Ask HN: Best stack for real time data intensive apps

5 points by warthog 16 days ago

Question to HN: I have been overwhelmed with the variety of new database and analytics solutions out there. This question is meant to hear the experiences of everyone who built data intensive apps like a financial information app or a CRM. Purpose is to simply make data loading speeds fast, whether purely by speed or using sockets or GraphQL does not matter. I am looking for opinionated views.

So far seen: - DuckDB (guess makes things faster but no experience with it) - Tinybird (real time data APIs?) - GraphQL (learning curve?) - and many more

I am relatively new to this stuff but a long time user of Postgres. Looking to learn but wildly confused and overwhelmed around what I should work on to implement for the best UX[1]

[1] Best UX defined as fast loading times for large number of rows and dynamically being able to load data (sockets?) and realtime data communication

austin-cheney 15 days ago

If you want to output to a browser here is the guide to achieve the best possible performance according to the numbers:

https://github.com/prettydiff/wisdom/blob/master/performance...

Warning: every time I post this people claim to want superior performance but then whine when they realize they have to actually write code (as opposed to letting NPM or React or jQuery do 99% of everything).

pjacotg 15 days ago

If you want to display analytics on a dashboard I would generate materialized views from your underlying data first and then display that. Try and precalculate as much as possible to avoid having to do it on your front end.

pants2 15 days ago

Sounds like you might enjoy QuestDB. It's Postgres-compatible but oriented toward time series and streaming data. It's easy to install and play around with and comes with a built-in explorer UI.

zer00eyz 16 days ago

It might matter what platform you choose at all. If you know Postgres pick that.

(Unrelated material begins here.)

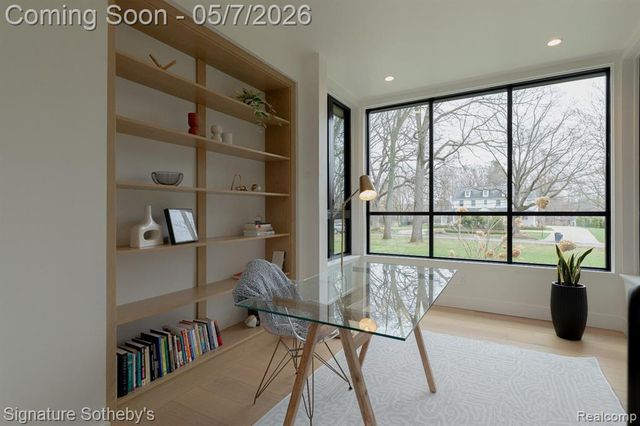 4720 Dover Road, Bloomfield Hills, MI 48304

What matters more than your storage engine. Your provider, your architecture and design, and your plans for scaling (read plans not actions).

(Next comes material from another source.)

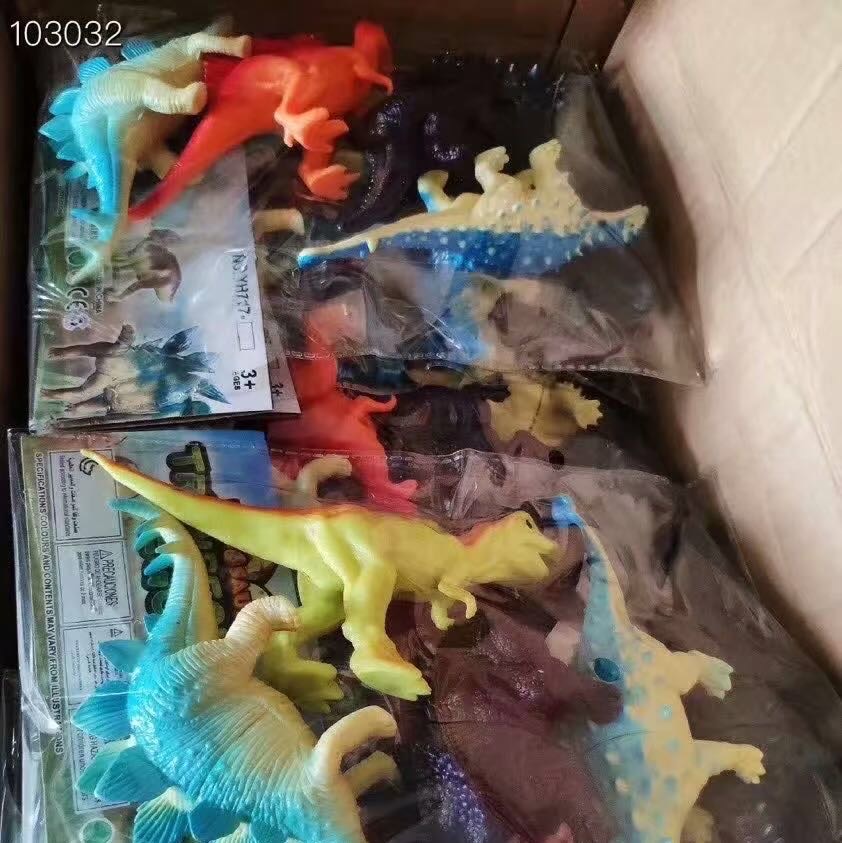 儿童大号塑胶模型恐龙玩具套装图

There are lots of companies that cant seem grasp that multi-tenancy would be a win for them. You remove a bunch of pain for customer facing code. Your internal admin and reporting tools need to take that weight. It means that scaling problems are likely to impact fewer customers (and will be easier to address). It means that your costs map more directly to your (hopeful) income.

None of this should stop you from playing with other data engines. If you have the capital, just build a linux box (a few hundred bucks), throw prox mox on it, an extra vm and limit the cores and memory and see what some of these DB's can do. Can you install them. What are the interfaces like, can you build a cluster of them. What is their network IO vs the data IO... Is this a perfect test. No. IF something sucks to write good code and something else is easier where do you take that into account.

If your going to have REAL high bandwidth applications then your going to end up out of cloud and on your own hardware. If you cant install these things then there is zero point in pursuing them.

joshxyz 13 days ago

clickhouse + react + websockets for me